■ **Aim of the exercise**: From the line containing "Pretty quick to" to the line containing "The MacBook Air" in the entries below, reproduce every line exactly, ends included. Nothing else belongs in the copy, and no pictures.

■ **Dataset records**:
==============================

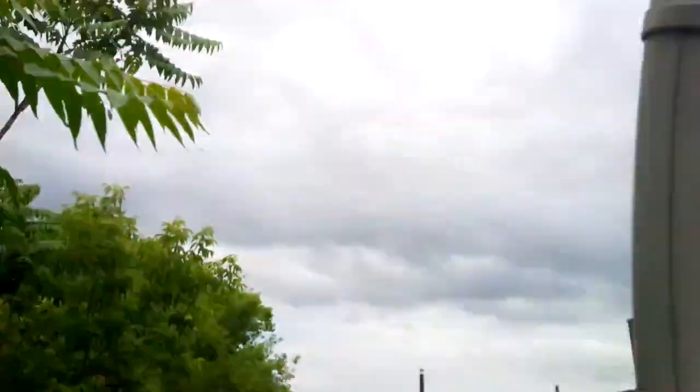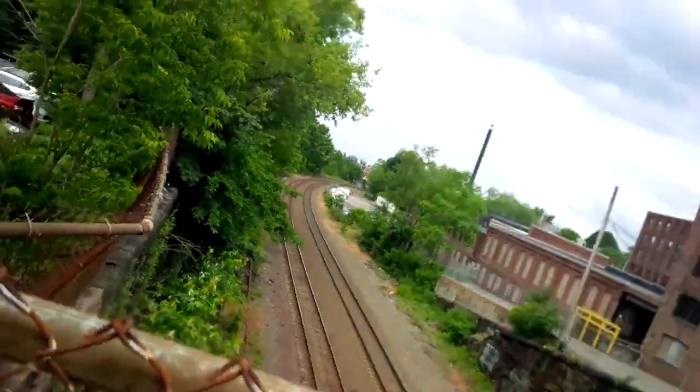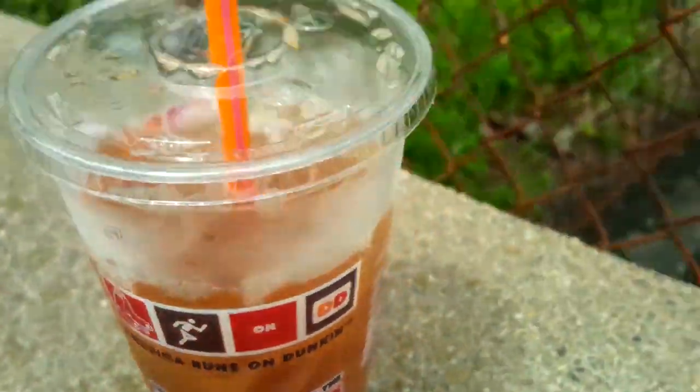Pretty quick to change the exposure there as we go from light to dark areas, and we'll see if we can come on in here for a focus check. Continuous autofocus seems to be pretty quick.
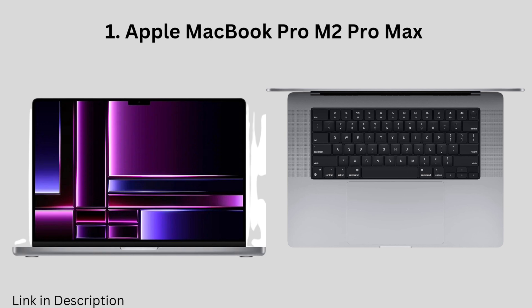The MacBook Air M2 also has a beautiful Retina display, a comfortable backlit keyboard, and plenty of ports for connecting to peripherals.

==============================

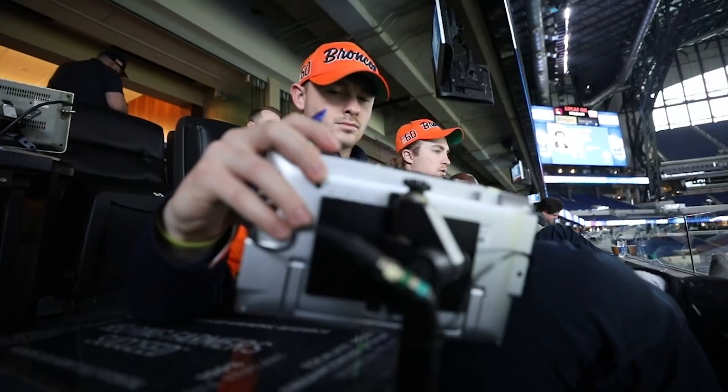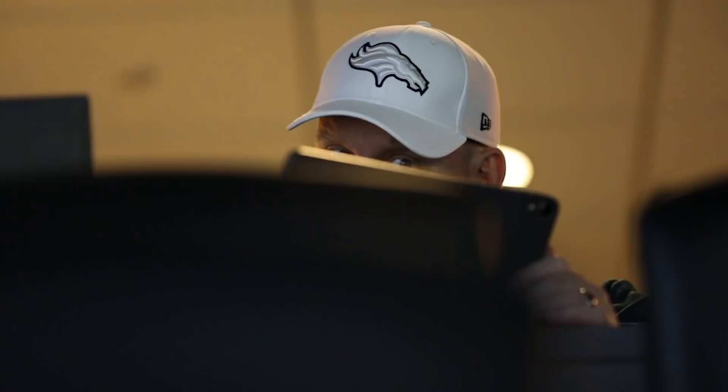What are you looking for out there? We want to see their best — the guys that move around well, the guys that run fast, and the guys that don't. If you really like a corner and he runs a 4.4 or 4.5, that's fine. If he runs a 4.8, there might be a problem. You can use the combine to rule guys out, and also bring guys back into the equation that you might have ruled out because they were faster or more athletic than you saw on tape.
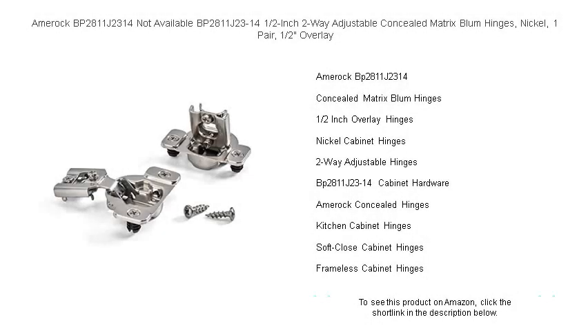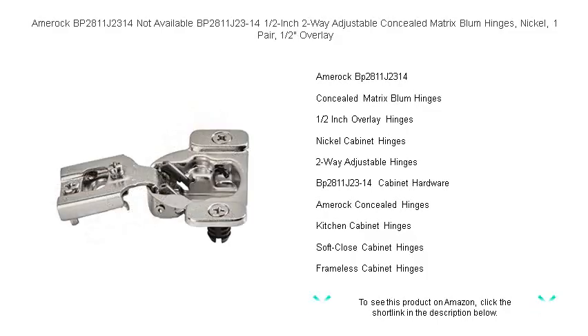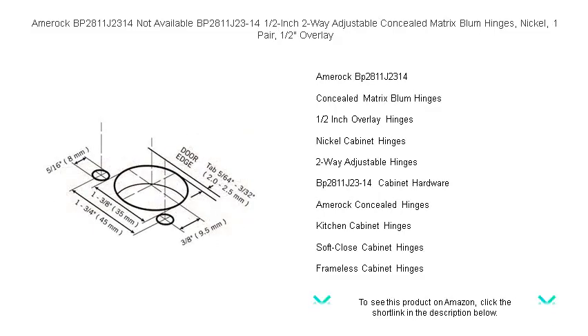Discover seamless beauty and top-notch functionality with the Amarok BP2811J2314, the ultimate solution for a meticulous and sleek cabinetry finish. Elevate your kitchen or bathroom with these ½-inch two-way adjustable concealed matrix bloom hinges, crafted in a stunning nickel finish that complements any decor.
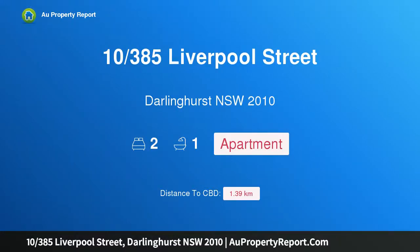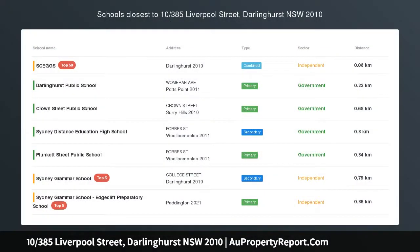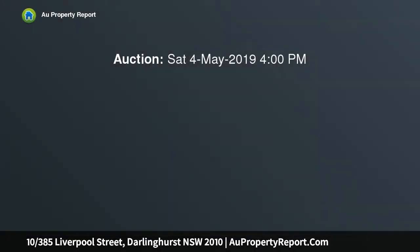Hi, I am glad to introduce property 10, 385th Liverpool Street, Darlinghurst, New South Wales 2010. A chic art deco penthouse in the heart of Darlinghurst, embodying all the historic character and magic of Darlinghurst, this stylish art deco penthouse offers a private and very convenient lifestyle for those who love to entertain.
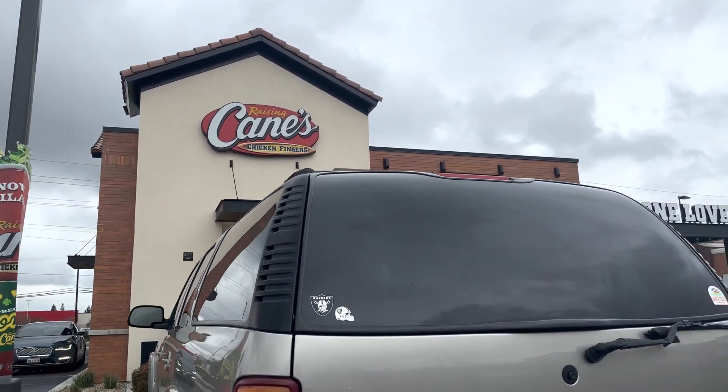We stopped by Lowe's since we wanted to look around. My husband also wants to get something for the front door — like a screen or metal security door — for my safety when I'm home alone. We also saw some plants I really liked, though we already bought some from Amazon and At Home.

==============================

■ **Exercise answer**:
Pretty quick to change the exposure there as we go from light to dark areas, and we'll see if we can come on in here for a focus check. Continuous autofocus seems to be pretty quick.
The MacBook Air M2 also has a beautiful Retina display, a comfortable backlit keyboard, and plenty of ports for connecting to peripherals.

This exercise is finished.